Après une fusion ratée avec le Mouvement pour le socialisme et l’unité (MSU) de Mamadou Dia, il crée en 2000 l'Union pour le renouveau démocratique/Front pour l'alternance (URD/FAL) issu d'une scission d'avec l'Union pour le renouveau démocratique (URD). Ses contradictions avec Abdou Aziz Sow le poussèrent à créer, le 6 août 2006 le Nouveau Parti (NP). Il sera nommé ministre conseiller par Me Abdoulaye Wade avant de se séparer de lui quelques années plus tard.
En 2010, il quitte le NP pour rejoindre l'Alliance pour la République (APR-Yaakaar). Connu pour ses capacités de manœuvre, Saleh deviendra l’une des personnalités les plus influentes de l’entourage de Macky Sall. Une proximité qui ne manquera pas de susciter des grincements de dents. L’on se souvient de son altercation avec l’ancien porte-parole de la présidence, Abou Abel Thiam et actuel PCA de l’ARTP. Celui-ci lui intimera l’ordre de quitter la salle de réunion, sous le regard de Macky Sall.

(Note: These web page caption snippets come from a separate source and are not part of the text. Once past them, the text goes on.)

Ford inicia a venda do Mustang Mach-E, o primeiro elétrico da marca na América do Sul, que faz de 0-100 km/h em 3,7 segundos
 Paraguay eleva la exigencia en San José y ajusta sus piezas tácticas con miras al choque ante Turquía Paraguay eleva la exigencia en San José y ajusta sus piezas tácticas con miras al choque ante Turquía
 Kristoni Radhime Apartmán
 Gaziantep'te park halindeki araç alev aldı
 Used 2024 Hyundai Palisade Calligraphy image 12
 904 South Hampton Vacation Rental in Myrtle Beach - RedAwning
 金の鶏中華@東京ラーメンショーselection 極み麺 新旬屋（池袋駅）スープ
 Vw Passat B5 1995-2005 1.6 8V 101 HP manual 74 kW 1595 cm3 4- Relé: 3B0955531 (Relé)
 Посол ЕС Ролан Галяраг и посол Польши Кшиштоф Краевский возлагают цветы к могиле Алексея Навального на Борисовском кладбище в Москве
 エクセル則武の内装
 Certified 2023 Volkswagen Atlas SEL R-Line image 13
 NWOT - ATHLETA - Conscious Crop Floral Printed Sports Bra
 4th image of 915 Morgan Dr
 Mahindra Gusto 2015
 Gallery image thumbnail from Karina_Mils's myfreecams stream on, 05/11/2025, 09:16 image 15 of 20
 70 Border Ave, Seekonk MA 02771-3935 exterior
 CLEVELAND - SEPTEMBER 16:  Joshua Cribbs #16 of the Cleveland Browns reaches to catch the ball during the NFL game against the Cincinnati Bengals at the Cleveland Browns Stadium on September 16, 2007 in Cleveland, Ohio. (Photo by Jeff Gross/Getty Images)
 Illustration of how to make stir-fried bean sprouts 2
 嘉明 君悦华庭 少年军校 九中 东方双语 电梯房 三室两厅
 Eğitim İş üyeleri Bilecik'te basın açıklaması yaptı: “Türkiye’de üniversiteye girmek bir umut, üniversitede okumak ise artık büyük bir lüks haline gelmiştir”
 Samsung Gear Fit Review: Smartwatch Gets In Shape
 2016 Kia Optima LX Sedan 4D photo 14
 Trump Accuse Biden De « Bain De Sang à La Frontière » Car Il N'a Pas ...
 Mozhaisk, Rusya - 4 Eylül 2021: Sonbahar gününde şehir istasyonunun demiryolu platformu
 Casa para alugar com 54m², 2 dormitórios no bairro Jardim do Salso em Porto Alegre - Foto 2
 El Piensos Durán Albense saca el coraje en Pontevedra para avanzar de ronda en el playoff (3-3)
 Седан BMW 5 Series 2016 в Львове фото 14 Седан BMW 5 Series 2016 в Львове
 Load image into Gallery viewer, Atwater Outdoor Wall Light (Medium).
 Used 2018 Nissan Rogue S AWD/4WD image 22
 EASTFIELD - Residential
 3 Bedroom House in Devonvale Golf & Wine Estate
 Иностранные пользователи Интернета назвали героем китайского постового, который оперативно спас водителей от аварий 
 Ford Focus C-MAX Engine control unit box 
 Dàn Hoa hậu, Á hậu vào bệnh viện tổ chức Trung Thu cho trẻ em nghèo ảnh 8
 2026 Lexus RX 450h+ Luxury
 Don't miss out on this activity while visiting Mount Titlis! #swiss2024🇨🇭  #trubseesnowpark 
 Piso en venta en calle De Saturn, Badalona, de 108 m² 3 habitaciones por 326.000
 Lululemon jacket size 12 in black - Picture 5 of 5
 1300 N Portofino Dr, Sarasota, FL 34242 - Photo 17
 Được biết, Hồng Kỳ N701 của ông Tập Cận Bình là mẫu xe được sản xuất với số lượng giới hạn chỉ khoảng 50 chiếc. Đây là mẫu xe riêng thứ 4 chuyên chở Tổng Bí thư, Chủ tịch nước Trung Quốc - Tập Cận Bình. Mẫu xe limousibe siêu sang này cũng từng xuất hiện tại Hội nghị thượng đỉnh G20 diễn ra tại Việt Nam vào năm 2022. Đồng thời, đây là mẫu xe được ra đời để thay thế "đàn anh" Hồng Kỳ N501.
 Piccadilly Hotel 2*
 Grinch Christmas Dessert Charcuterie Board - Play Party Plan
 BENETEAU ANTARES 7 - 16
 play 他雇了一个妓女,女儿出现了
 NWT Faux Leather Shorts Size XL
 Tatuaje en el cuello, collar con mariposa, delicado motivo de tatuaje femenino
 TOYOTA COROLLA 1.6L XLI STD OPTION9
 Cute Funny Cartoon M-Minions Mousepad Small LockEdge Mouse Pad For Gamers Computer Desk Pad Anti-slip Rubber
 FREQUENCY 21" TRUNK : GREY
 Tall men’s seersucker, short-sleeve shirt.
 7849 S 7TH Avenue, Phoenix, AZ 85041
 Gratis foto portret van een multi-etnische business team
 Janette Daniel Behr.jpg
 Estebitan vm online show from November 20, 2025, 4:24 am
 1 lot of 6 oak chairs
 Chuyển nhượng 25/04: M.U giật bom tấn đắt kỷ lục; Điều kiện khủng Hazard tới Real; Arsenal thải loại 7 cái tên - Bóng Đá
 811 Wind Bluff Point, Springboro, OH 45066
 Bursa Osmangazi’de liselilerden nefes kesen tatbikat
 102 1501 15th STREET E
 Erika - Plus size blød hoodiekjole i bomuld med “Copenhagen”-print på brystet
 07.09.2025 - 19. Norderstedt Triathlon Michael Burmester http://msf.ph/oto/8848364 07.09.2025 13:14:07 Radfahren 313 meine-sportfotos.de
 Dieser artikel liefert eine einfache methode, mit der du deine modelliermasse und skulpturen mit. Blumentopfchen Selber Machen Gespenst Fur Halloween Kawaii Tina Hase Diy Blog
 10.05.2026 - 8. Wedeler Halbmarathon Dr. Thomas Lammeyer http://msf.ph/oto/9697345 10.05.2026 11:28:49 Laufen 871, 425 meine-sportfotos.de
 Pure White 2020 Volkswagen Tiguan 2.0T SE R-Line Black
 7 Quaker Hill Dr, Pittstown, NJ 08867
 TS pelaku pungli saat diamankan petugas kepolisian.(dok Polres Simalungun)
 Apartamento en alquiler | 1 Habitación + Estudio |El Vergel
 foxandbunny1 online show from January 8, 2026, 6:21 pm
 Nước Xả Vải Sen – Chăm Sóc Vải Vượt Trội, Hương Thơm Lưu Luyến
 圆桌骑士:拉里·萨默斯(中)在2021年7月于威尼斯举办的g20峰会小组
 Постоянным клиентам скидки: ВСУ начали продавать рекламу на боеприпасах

Un épisode qu’Alassane Cissé verse dans le compte de l’expérience politique. ‘’La plupart des gens qu’il avait aidés le combattent aujourd’hui. Il est à une station où il est amené à prendre des coups’’, dit-il. Le seul conseil que le leader du NP pourrait faire à Mahmout Saleh, c’est d’être moins spontané. ‘’Souvent, il prend des décisions sans consulter personne’’, regrette-il.